Egalitarian and Sustainable
In contrast to what we’re seeing today in the shape of unprecedented unlimited money printing, the SOV is implementing Nobel Prize-winning economist Milton Friedman’s K-percent rule, which means that the money supply will grow by a fixed rate every year. And, instead of that money going to “enrich the richer” the 4% growth in supply is distributed per capita to SOV holders.
Ben-Ezer asks:
“Of the $2 trillion printed in the U.S., how much of that is actually going to arrive in the pockets of the average citizen? This is the first time in the world that the new money printed is divided per capita, so equality and UBI [Universal Base Income] are inherent in the system.”
Since many of the RMI atolls are uninhabitable, some of the remaining islands are severely overcrowded. “An island on Kwajalein Atoll (Ebeye) which provides much of the service workforce for the U.S. Army base on that atoll is considered the sixth most densely populated place on earth,” Stelten says.
The adverse effect of climate change on the country’s main industries coconut and fishing industries, in conjunction with a dearth of natural resources, has resulted in significant poverty in the Marshall Islands, where the GDP per capita is just $3,300 — creating a pressing need for a UBI.
The Marshallese people will receive 10% of the initial supply of the SOV, while the government will be allocated 40% to place into several different foundations including a self-development fund for startups to operate around the SOV blockchain, the Marshall Islands Green Climate Fund, and the Nuclear Legacy and Health Care Fund.
“In The Marshall Islands,” Ben-Ezer explains, “people are measured by how much they contribute to other people, not by how much money they have. This is why we included the principles of egalitarianism, UBI, and frequent democracy.”
‘Frequent democracy’ means that anyone can vote efficiently on-chain without having to go to a ballot box.

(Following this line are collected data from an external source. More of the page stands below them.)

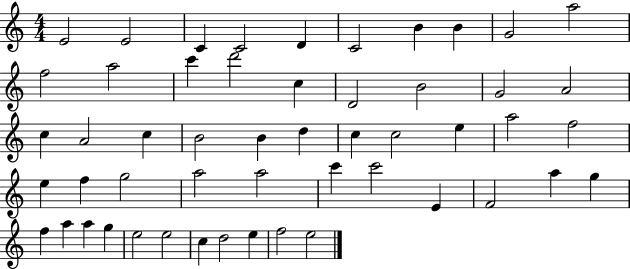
X:1
T:Untitled
M:4/4
L:1/4
K:C
E2 E2 C C2 D C2 B B G2 a2 f2 a2 c' d'2 c D2 B2 G2 A2 c A2 c B2 B d c c2 e a2 f2 e f g2 a2 a2 c' c'2 E F2 a g f a a g e2 e2 c d2 e f2 e2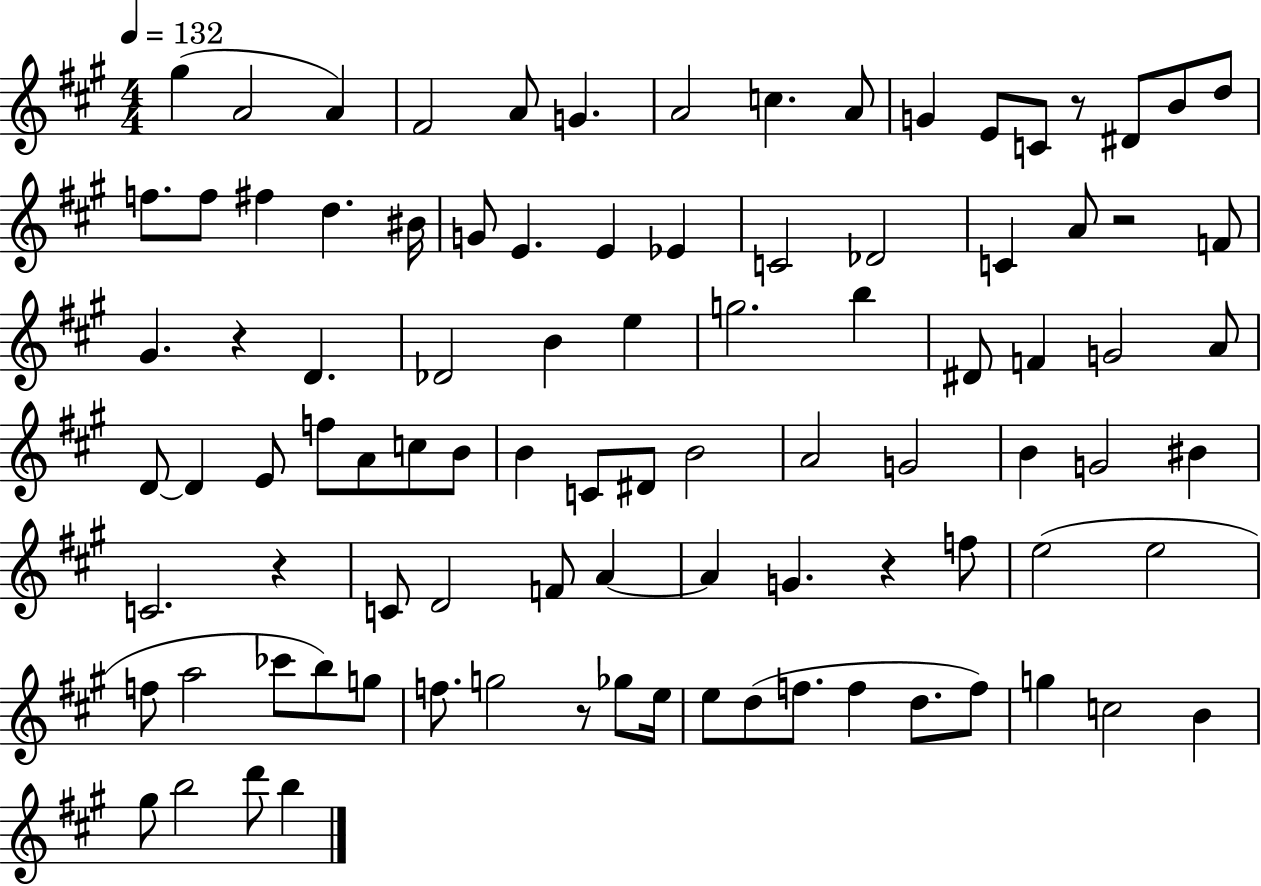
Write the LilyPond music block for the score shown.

{
  \clef treble
  \numericTimeSignature
  \time 4/4
  \key a \major
  \tempo 4 = 132
  gis''4( a'2 a'4) | fis'2 a'8 g'4. | a'2 c''4. a'8 | g'4 e'8 c'8 r8 dis'8 b'8 d''8 | \break f''8. f''8 fis''4 d''4. bis'16 | g'8 e'4. e'4 ees'4 | c'2 des'2 | c'4 a'8 r2 f'8 | \break gis'4. r4 d'4. | des'2 b'4 e''4 | g''2. b''4 | dis'8 f'4 g'2 a'8 | \break d'8~~ d'4 e'8 f''8 a'8 c''8 b'8 | b'4 c'8 dis'8 b'2 | a'2 g'2 | b'4 g'2 bis'4 | \break c'2. r4 | c'8 d'2 f'8 a'4~~ | a'4 g'4. r4 f''8 | e''2( e''2 | \break f''8 a''2 ces'''8 b''8) g''8 | f''8. g''2 r8 ges''8 e''16 | e''8 d''8( f''8. f''4 d''8. f''8) | g''4 c''2 b'4 | \break gis''8 b''2 d'''8 b''4 | \bar "|."
}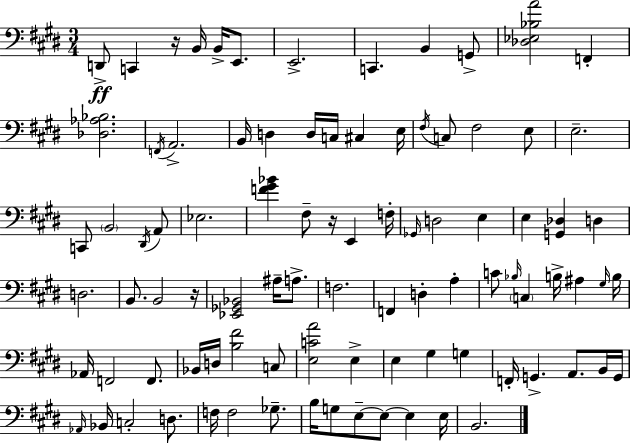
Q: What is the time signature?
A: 3/4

So, all elections can be efficiently handled through the SOV chain, “and they can vote for laws all the time, safely stored on the blockchain,” he says.
Will Any of These Solutions Actually Work?

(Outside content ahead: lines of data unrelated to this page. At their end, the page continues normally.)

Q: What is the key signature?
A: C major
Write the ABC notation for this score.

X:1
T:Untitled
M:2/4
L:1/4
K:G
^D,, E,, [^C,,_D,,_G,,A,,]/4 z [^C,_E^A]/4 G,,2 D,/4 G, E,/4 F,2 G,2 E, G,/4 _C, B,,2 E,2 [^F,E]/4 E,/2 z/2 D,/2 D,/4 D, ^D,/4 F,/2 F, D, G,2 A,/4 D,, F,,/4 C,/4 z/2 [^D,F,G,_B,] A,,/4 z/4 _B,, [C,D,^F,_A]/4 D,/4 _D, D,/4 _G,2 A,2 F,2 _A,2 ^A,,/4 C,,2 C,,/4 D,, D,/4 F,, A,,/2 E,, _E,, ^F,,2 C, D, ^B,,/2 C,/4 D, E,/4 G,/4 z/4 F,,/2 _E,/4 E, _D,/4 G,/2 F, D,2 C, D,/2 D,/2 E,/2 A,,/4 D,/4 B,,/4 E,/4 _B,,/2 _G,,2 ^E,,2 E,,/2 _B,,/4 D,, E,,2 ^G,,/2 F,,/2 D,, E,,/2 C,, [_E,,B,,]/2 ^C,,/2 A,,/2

The SOV could certainly bring many benefits to the Marshallese and potentially other countries — if it works. It would allow citizens to preserve their democracies, and their financial and digital identities. But could it also preserve such information as culture and heritage as well?
Ben-Ezer believes that it’s a possibility, although he’ll admit that the pressing issue right now is getting the SOV off the ground in the first place. He says, “We are developing a set of tools so that anyone can develop a DApp on the chain, and we believe that identity is going to be a key issue for all the major use cases.”

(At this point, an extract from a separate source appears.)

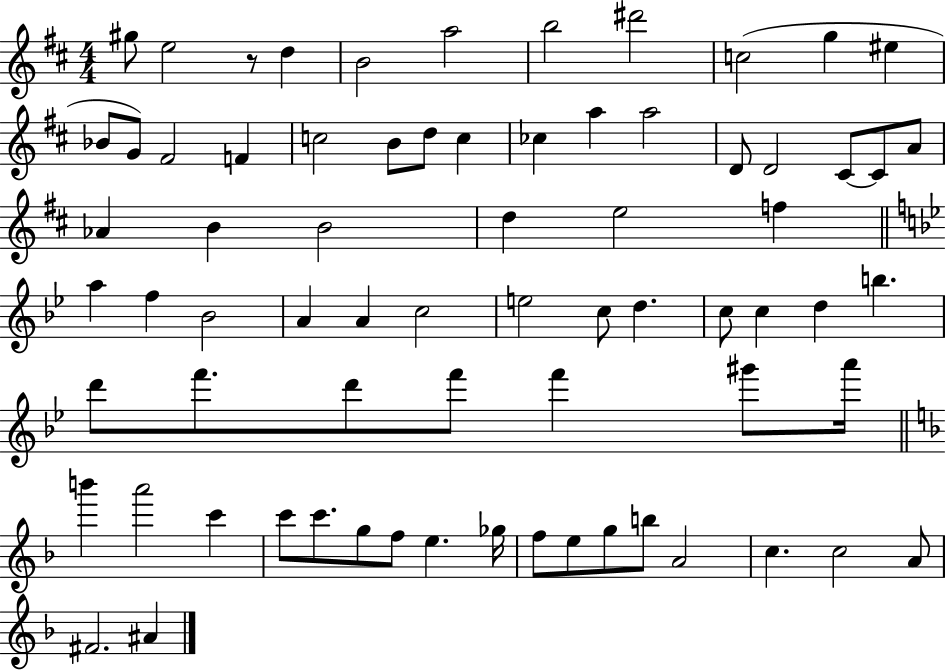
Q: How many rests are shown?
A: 1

“There are significant upsides for the country if it [the SOV] works,” Dittus remarks, although he recognizes that the chances of success “like any startup” are slim. It’s too early to say whether the SOV will realize its goals, or how successful other projects such as Indigen and TransRossica will be. In fact, Gartner Research predicts that we may still have some five to ten years to wait until blockchain technology begins to mature.
But as the Global Heritage Fund concluded:
“The world’s vulnerable historic places cannot rely on a solution that will “one day” preserve and protect heritage. Although blockchain may eventually be an effective tool in the fight for heritage preservation… in the interest of benefiting endangered heritage sites and cultural traditions, we cannot place all our eggs in blockchain’s basket.“
If blockchain solutions do begin to make headway, perhaps we could realistically preserve some aspects of the cultural identity of civilizations that are at risk.
It may be scant consolation to those whose physical connection to their nations will be severed: but perhaps the footprints they once left in the earth won’t be forgotten when they are claimed by the sea.